Language has also been
adopted to clarity the responsibility of reinsurers should there be an insurance company
insolvency. A dozen states are said
to have adopted these standardized provisions. A spokesperson for the Reinsurance Association
of American argued that
the provisions would strengthen solvency regulation by: reinforcing state actions to compel
security from non-U.S. reinsurers
and enforce state requirements that the claims against insolvent non-U.S. insurers be valued and
paid in accordance with
state law; ensuring Michigan's ability to assert its rights to control alien company collateral so
that it cannot be repatriated
under federal bankruptcy law; creating uniform language for various classes of trusts and make
the regulatory authority over
the trusts consistent; amending trust fund requirements to conform state law governing Lloyd's
reinsurance trust funds to the
actual operation of the funds, as restructured by the New York Insurance Department and Lloyd's
in 1995; and clarifying the
state law to ensure that cut through endorsements are recognized so that reinsurers do not have to
pay the same claims
twice. (Cut-through endorsements are clauses that specify that the amount of loss that an
insurance company would have
recovered from a reinsurer can be paid instead directly to policyholders if the ceding insurance
company becomes insolvent.)
POSITIONS:
The Office of Financial and Insurance Services (OFIS)

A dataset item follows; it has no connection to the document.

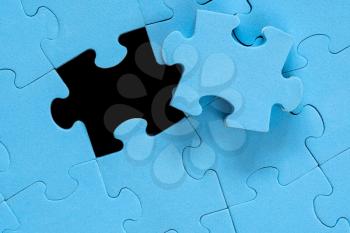 Jigsaw puzzle one piece missing.Business concept for completing the final puzzle piece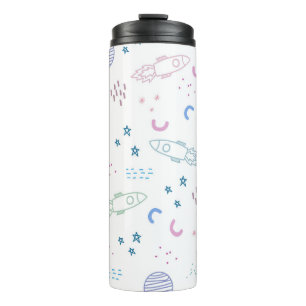 Cute Space Rockets Pattern   Thermal Tumbler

has indicated support for the bill. (5-17-00)
A representative of the Reinsurance Association of
America testified in support of the bill. (5-17-00)
The Michigan Insurance Federation has indicated
support for the bill. (5-17-00)
The Life Insurance Association of Michigan has
indicated support for the bill. (5-17-00)
Analyst: C. Couch
This analysis was prepared by
nonpartisan House staff for use by House members in their deliberations, and does not constitute
an official statement of
legislative intent.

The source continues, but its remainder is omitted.